Women in Monaco: Natasha Frost

By Staff Writer - April 1, 2019

The hugely successful Women in Monaco series continues, highlighting females of the Principality who empower, excel and inspire. This week, thanks to She Can He Can, we talk to Natasha Frost-Savio, president of Pink Ribbon Monaco.

What does success look like to you?

Like many other things, success takes on different forms for various people. In my opinion, and because of my gender, success is represented by a capability of achieving the perfect balance between my career and my family while nurturing my own personality. Being a career woman, a wife and a mother is one thing, but I want to also be me! It can be tricky and overwhelming, but I think that most would agree. If you can harmonise this triad, I believe you can be very happy person!

What is the main thing that needs to change to improve entry into your field of work, including opportunities for development and the day-to-day life of women at work?

I work in craft brewing, which is not that common for women to begin with, but especially in France. However, I am happy to see that preconceived notions are changing as the trend for craft beer is evolving. There is a fabulous craft brewery in Antibes, ran entirely by a woman (Solene, with B06) who should be pointed out as one of the local precursors in this field, and I have a lot of respect for her and the hard work that she does. The main thing that needs to happen for things to change is basically acceptance and realising that the beer industry does not only begin and end with men. I work in a rapidly evolving business and I’m confident that there will be a lot more women present in the near future. I’m actually excited to see what they will come up with!

Tell us about a woman you admire and how she’s inspired you to become who you are today?

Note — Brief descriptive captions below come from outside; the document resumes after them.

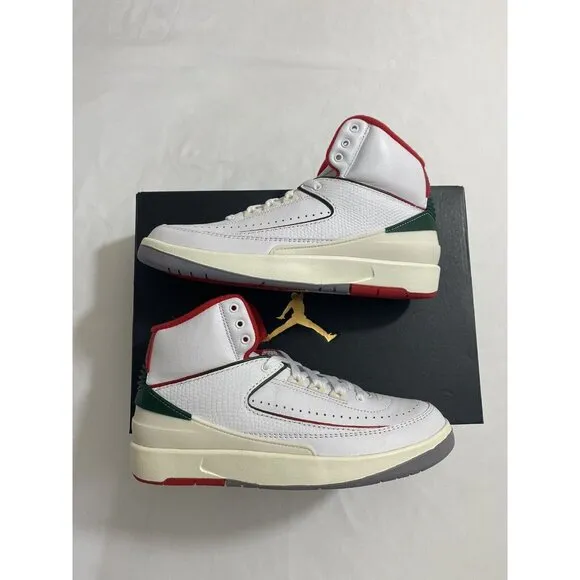 New Youth Size 7Y White Fire Red Air Jordan 2 Retro (GS) Basketball Shoes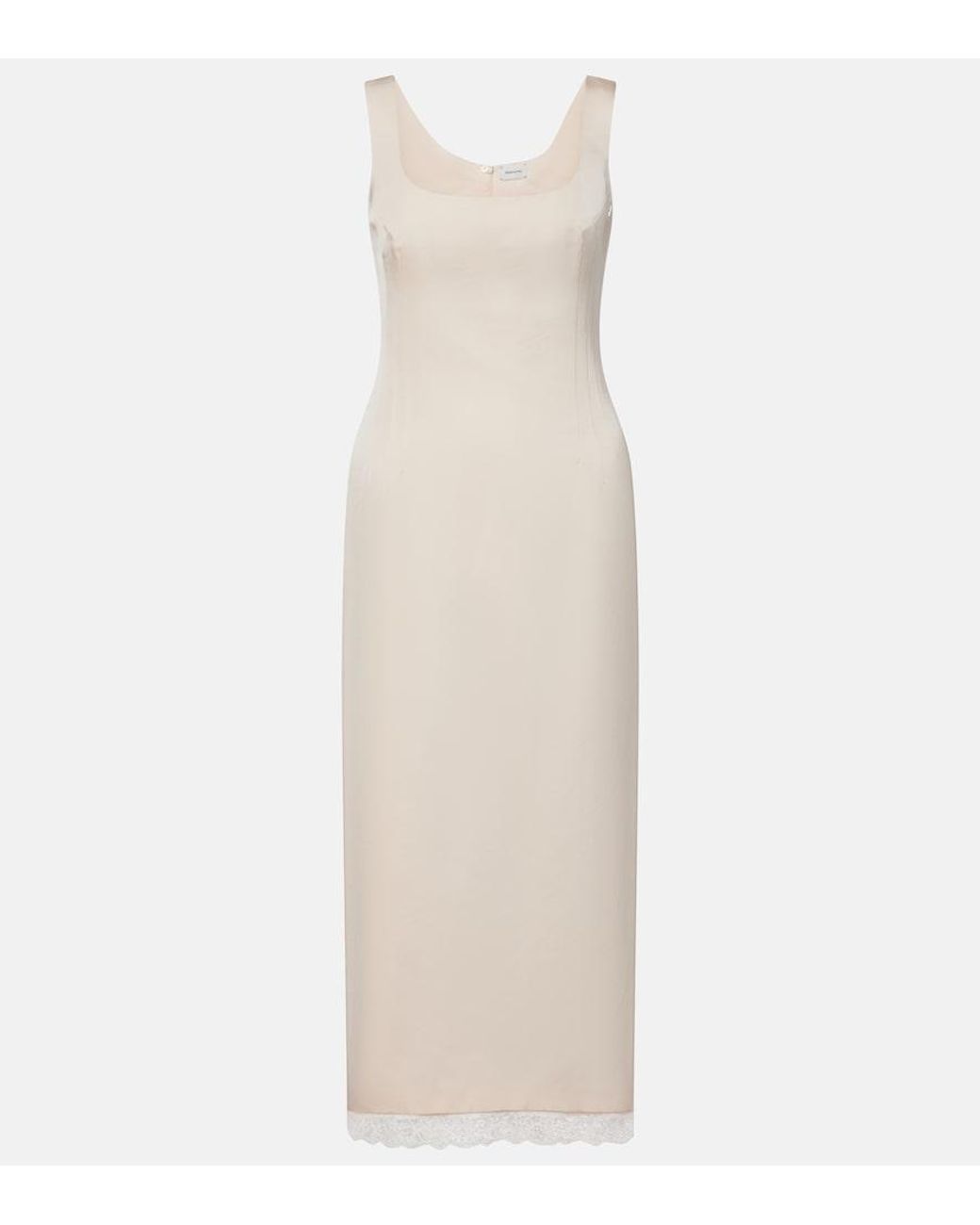 Magda Butrym White Lace-Trimmed Cotton And Silk Midi Dress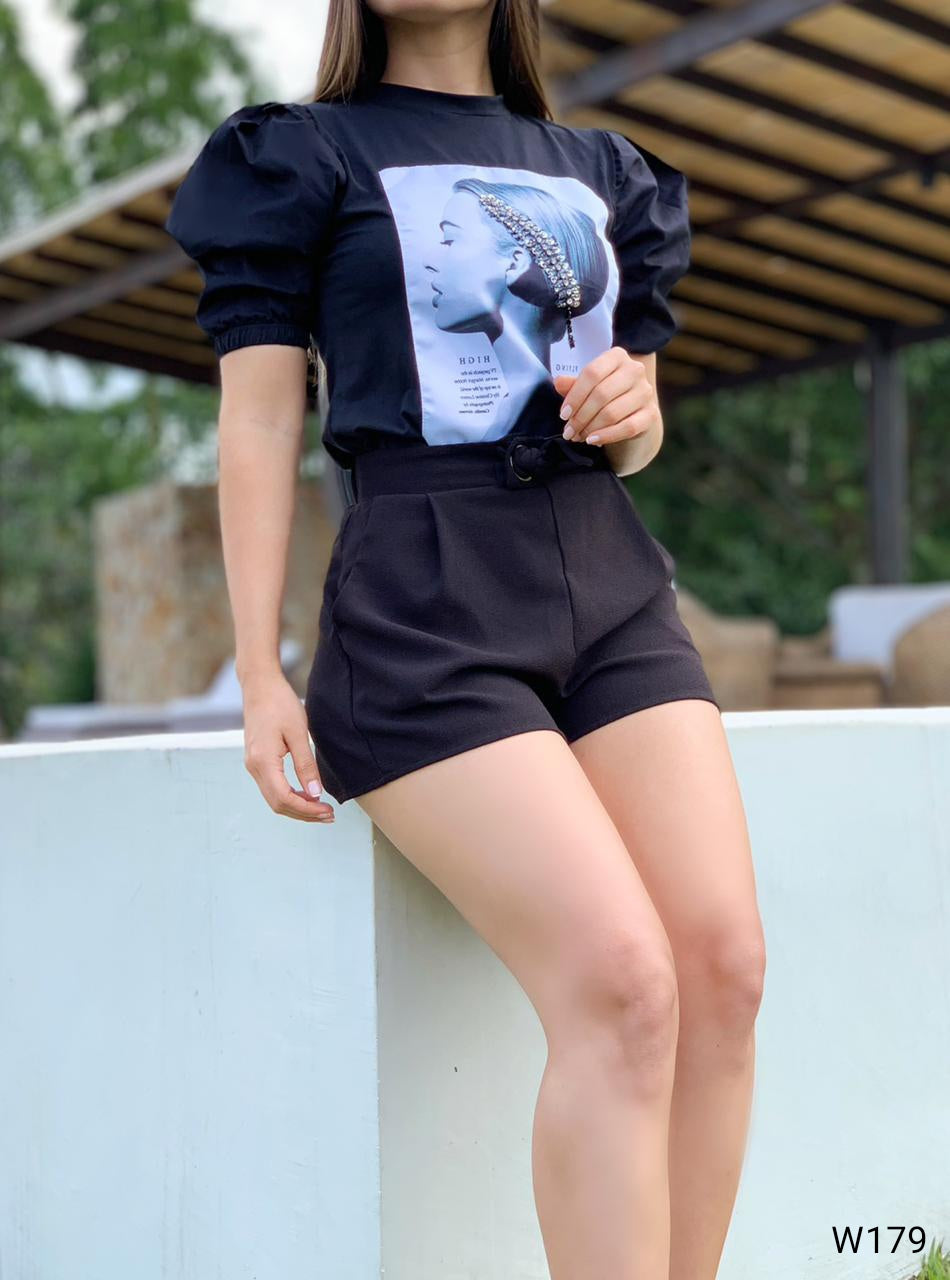 Blusa Manga Corta Resorte Aplique Diadema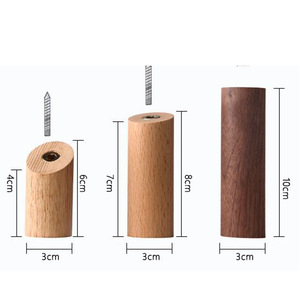 Crochets muraux en bois massif, ronds, diamètre 3 cm, hauteur 4, 7, 10 cm, type à insertion par boulon, pour le rangement des vêtements derrière les portes ou sur les murs - Product Image 1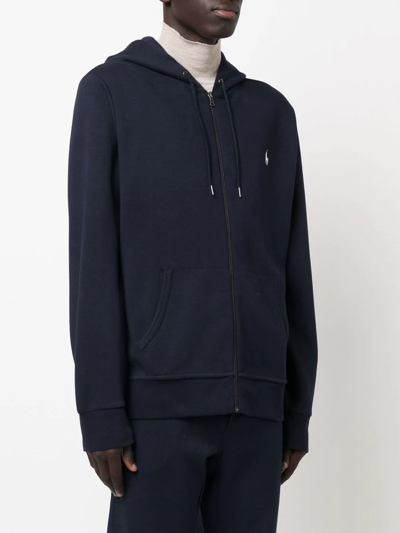 Shop Polo Ralph Lauren Polo Zip-up Hoodie In Blau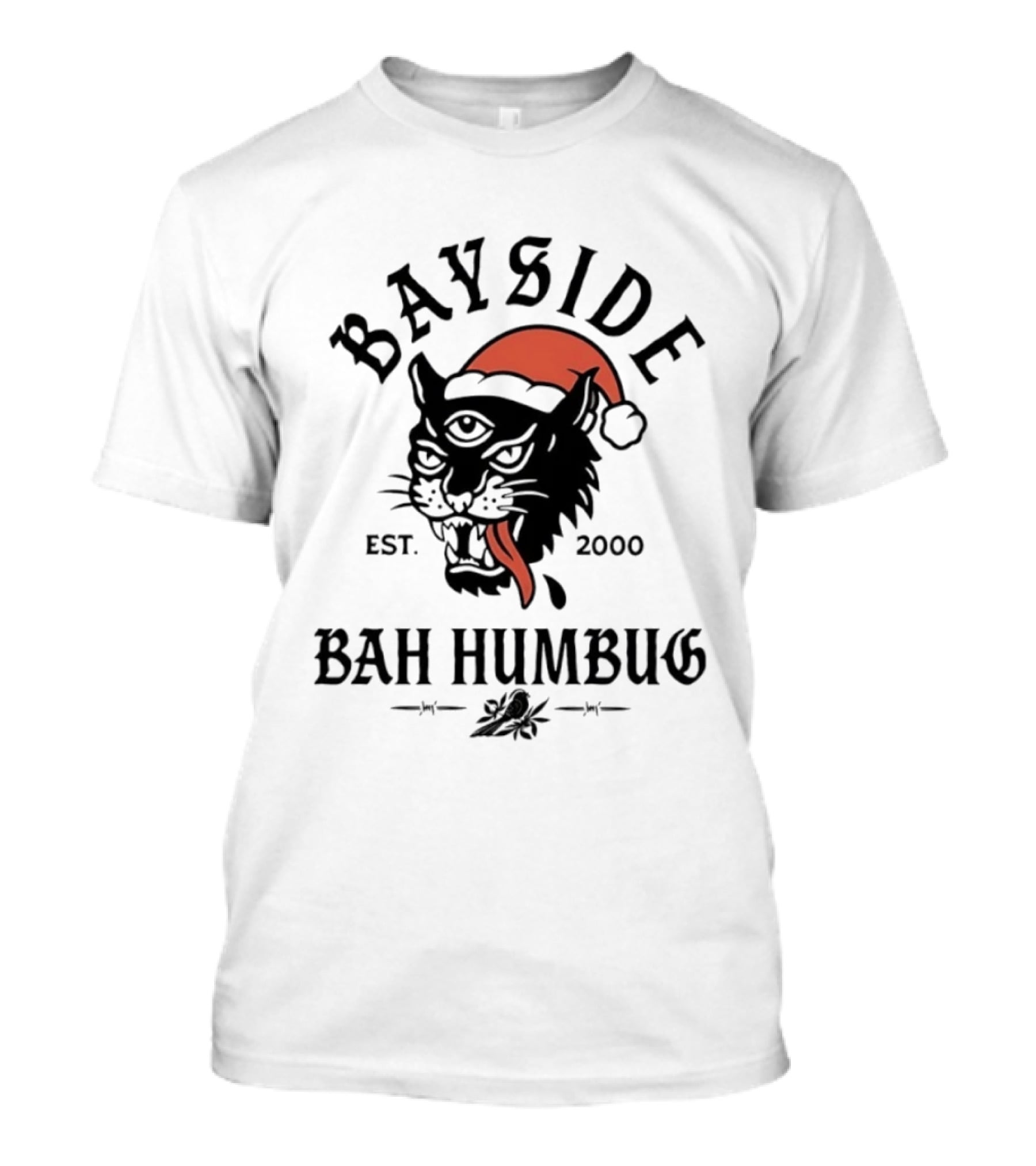 Bayside Est 2000 Bah Humbug Christmas Panther Santa Hat T-Shirt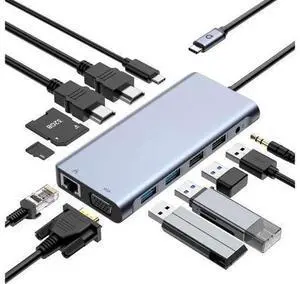 XJYLCPC Triple Monitor USB C Laptop Docking Station, USB C Hub Multiport Adapter Dongle Dock with 2 HDMI, VGA, PD Charging,Ethernet,4 USB-A Ports,SD/TF,Audio, Compatible for Type-C Laptops XJYLCPC Triple Monitor USB C Laptop Docking Station, USB C Hub Multiport Adapter Dongle Dock with 2 HDMI, VGA, PD Charging,Ethernet,4 USB-A Ports,SD/TF,Audio, Compatible for Type-C Laptops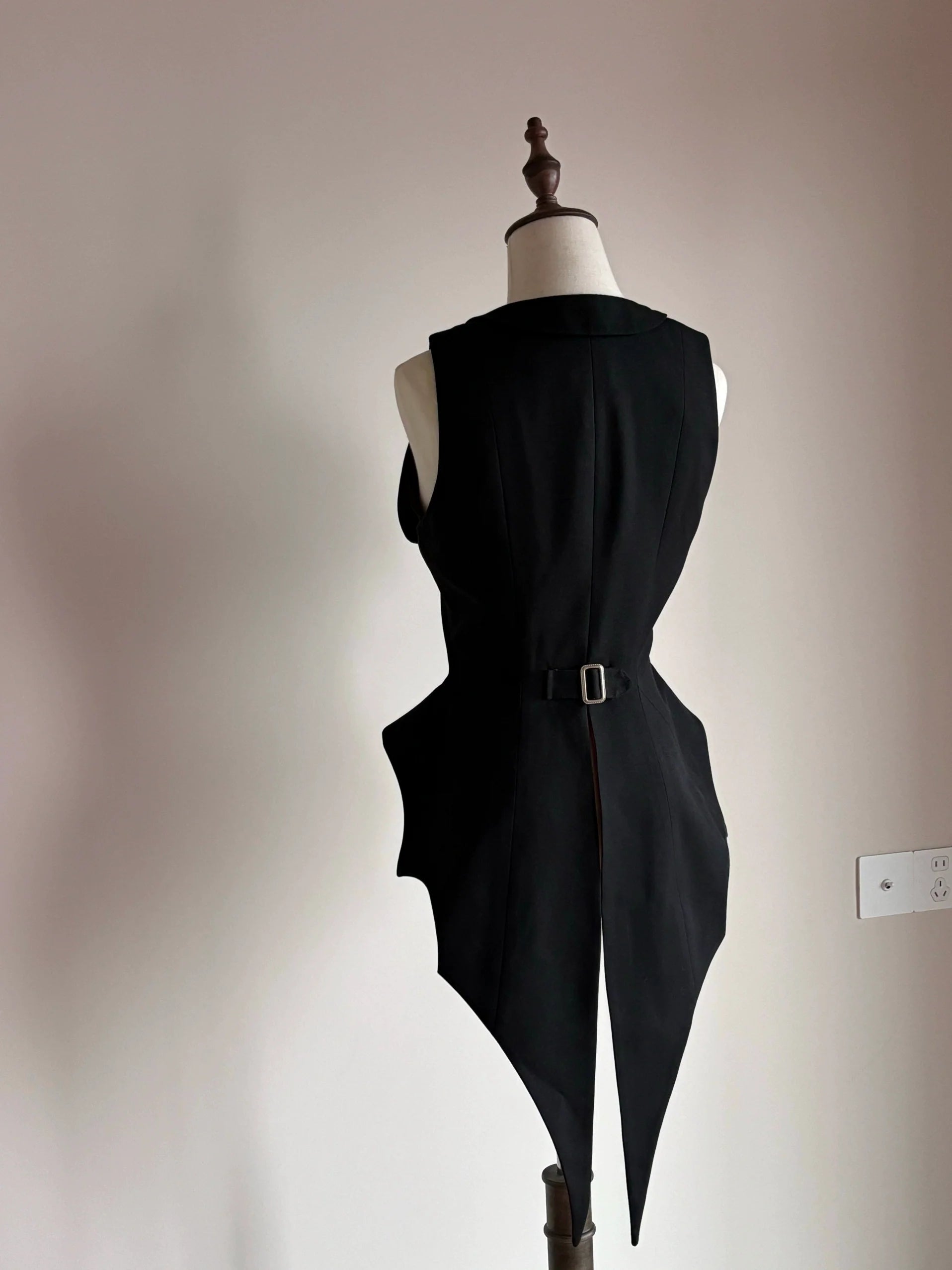 FlowerFairyDaily - Final Nocturne - Black Gothic Lolita Vest, Bat-Wing Shape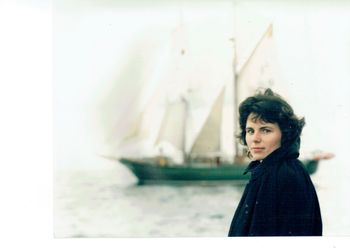 Rita Connolly with 'Asgard', off the coast of Waterford, 1987
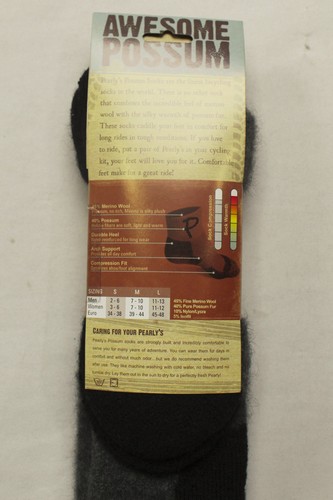 Pearly's Unisex Knee High Compression Fit Possum Sock LL7 Grey/Black Medium NWT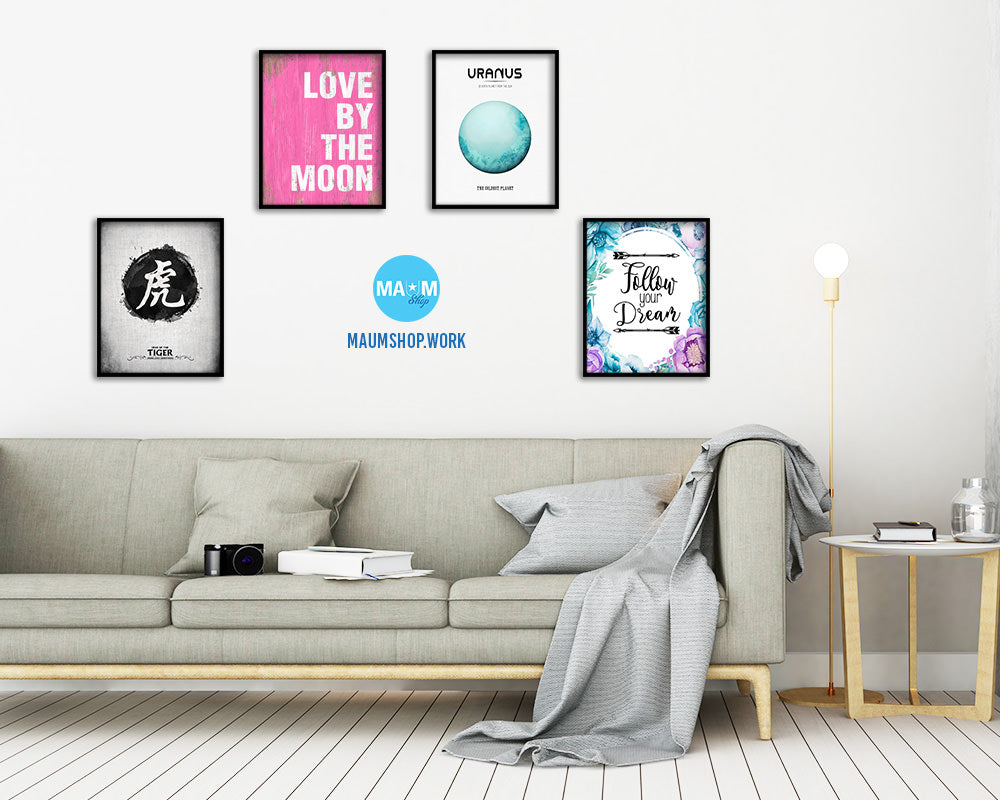 Love by the moon Quote Saying Framed Print Home Decor Wall Art Gifts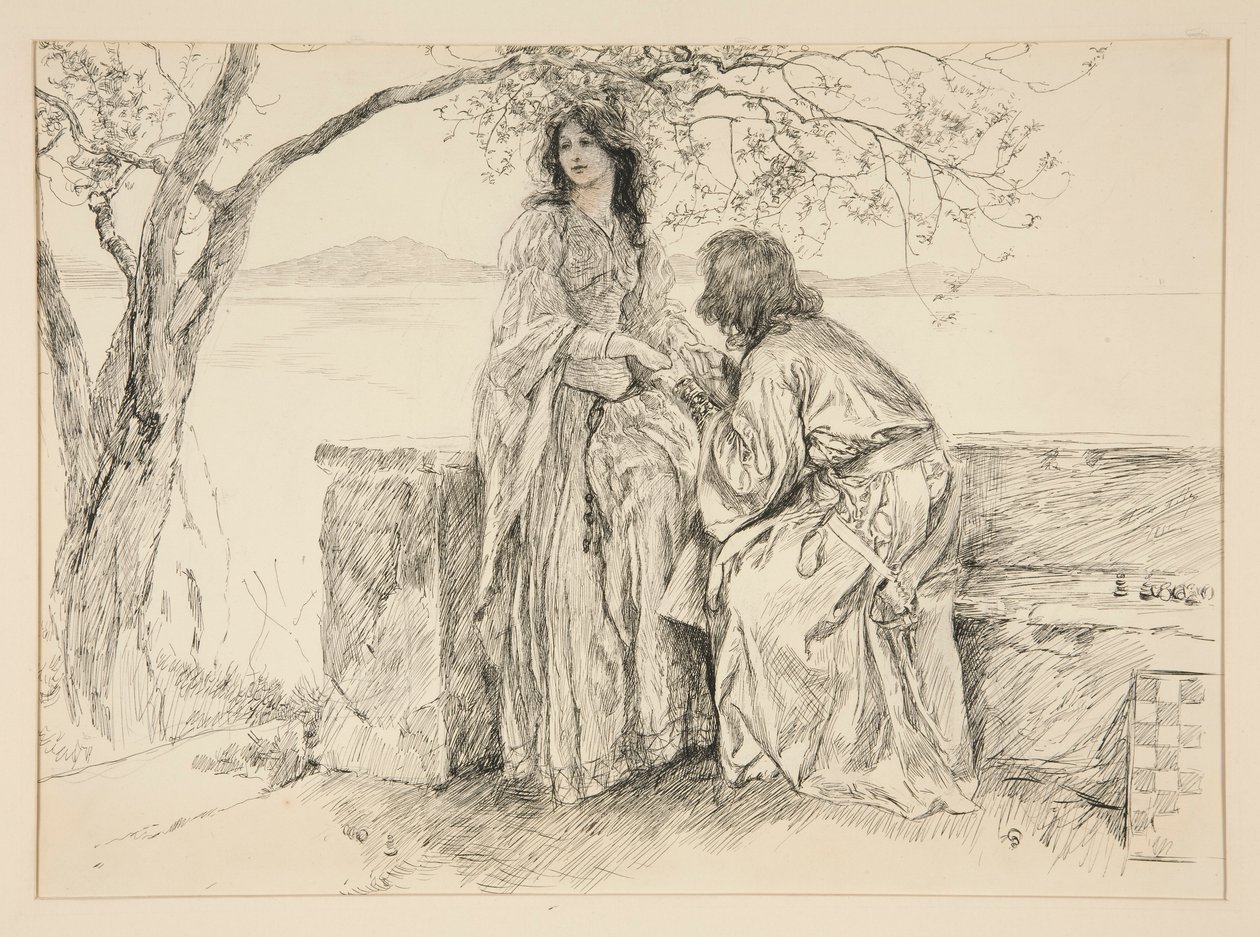 Miranda och Ferdinand, illustration till akt V, Scene i, Stormen av Edwin Austin Abbey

That’s a tricky question because there are so many women I admire just like there are so many men I admire. I admire my mother and step mother and have taken so much from them in terms of motherhood and always standing up for oneself. I could also mention Kate Powers, from Stars and Bars, whom I worked for right after university and who’s leadership skills I try to model my own on. On a formative level, I would have to say historical figure Eleonore of Aquitaine, as geeky as it sounds. I was, and still am, a huge fan of Medieval history and she stood out. She was born into a world were women in her position were bargaining chips, yet after several political twists and turns, became ruler of England and a large part of France. She was a recognised political adviser to her 1st and her second husbands and her son King Richard Lionheart, she was the first divorced queen, and she went on crusades when everyone told her not too. Her political astuteness and determination made her an indelible historical figure, sadly dissimilar from most female counterparts. Reading about her as a child, then a teen and still now as an adult showed me that strength and determination would make you stand out in an otherwise hostile environment. Reading stories about her when I was a child definitely shaped me in many ways. This further reinforces the importance of young girls to be introduced to positive female characters, both fictional and non-fictional. It certainly had a positive impact on me!